NHK『虎に翼』が「“F1層(20~34歳女性)”から支持される」納得の理由。朝ドラでは異例
日刊SPA! / 2024年5月2日 8時50分
これらを15分間で見せたのだから、脚本を書いている吉田恵里香氏(36)の筆力には目を見張る。2022年、脚本界の最高峰である向田邦子賞を史上最年少で獲得したのはダテじゃない。
◆若い世代を惹きつけるエンパワメントの構図
なにより若い世代を惹き付けるのは、エンパワメントの構図が丁寧に描かれているからだろう。エンパワメントとは、集団内や組織内において自信を失っていたり、本来の持ち味を出せていなかったりする仲間がいたとき、周囲がその人らしさや能力が発揮できる環境づくりをすることを指す。1950年以降、米国の公民権運動から生まれた考え方だ。
エンパワメントの考え方には命令も競争もない。また、個人にハンディキャップやマイナス面があっても周囲はそれを補わず、その個人が持つ長所や力をより引き出そうとする。

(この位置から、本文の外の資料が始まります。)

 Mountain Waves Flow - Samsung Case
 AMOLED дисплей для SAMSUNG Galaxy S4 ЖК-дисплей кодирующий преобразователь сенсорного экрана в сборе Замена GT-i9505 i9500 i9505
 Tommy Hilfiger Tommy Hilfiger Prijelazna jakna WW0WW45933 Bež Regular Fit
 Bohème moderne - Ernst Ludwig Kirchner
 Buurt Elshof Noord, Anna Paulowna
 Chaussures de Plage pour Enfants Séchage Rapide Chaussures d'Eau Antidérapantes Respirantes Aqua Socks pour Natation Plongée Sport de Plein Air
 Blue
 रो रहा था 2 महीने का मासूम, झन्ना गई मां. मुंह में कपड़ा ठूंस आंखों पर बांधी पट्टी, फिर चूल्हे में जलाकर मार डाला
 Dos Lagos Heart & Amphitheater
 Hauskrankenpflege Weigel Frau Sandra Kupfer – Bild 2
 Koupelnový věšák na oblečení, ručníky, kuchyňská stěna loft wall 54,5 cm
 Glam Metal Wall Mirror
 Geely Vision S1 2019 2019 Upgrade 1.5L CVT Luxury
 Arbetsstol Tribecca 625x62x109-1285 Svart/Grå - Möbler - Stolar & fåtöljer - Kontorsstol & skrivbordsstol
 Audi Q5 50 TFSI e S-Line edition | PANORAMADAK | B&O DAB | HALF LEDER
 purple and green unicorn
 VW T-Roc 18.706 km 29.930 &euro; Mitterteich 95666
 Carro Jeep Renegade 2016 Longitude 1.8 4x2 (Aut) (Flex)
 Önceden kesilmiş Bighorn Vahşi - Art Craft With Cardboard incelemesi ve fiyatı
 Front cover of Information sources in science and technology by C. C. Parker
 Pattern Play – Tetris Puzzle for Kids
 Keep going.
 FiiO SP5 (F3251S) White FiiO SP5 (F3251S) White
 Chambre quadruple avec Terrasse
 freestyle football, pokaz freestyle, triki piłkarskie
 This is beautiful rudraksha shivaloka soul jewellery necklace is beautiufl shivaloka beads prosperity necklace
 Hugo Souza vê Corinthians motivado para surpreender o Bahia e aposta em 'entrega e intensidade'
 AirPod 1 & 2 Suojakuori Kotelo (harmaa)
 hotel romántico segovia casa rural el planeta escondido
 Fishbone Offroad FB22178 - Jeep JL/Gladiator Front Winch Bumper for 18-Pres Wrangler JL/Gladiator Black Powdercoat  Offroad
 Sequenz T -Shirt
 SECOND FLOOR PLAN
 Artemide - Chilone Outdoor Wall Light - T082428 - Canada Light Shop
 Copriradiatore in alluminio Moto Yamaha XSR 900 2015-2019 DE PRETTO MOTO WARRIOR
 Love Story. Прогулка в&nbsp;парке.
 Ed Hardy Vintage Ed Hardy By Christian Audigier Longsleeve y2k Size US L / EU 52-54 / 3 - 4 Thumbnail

寅子たちも学業で同級生と競わない。だから成績面での嫉妬も生まれていない。また、それぞれが仲間の多様性を認めており、立場が違うことが分かっているから、安っぽい同情もしない。一方で仲間の一人ひとりが自然体になれて、本来の能力が出せるように努めている。
たとえば第13回で山田よね(土居志央梨)が過酷な生い立ちを告白したとき、誰一人として慰めの言葉を掛けなかった。その後も特別扱いしない。代わりに寅子は第15回でこう伝えた。
「よねさんは、そのまま嫌な感じでいいから。怒り続けることも、弱音を吐くのと同じように大切なことだから。私たちの前では、好きなだけ嫌な感じでいて」
立場と個性の尊重だ。よねは「あんっ?」と怪訝な顔をしたが自分らしさを認めてくれたのだから、これ以上にうれしい言葉はなかったのではないか。心を固く閉ざしていたよねにとって、寅子たちは初めての友人になった。
◆男女平等史でも優劣を描く物語でもない
華族の令嬢・桜川涼子(桜井ユキ)も自分と平等に接する寅子たちと付き合ったことにより、本来の自分を出せるようになる。お付きの玉(羽瀬川なぎ)に「ありがとう」と本音を素直に言えた。
梅子は夫と長男にないがしろにされたため、「自分は嫌な女」と思い込み、心が折れかかっていたが、寅子たちが好きになってくれたお陰で自信を回復する。自然体の自分を取り戻す。
朝鮮からの留学生・崔香淑(ハ・ヨンス)は拙い日本語を笑われて嫌な思いをしていたが、梅子が声を掛けてくれたために疎外感を味わわずに済んだ。梅子が自分の家庭内での不遇と自己嫌悪を打ち明けた第18回、崔は「梅子さんは嫌な女なんかじゃない! 大好きよ」と叫んだ。梅子は力を得た。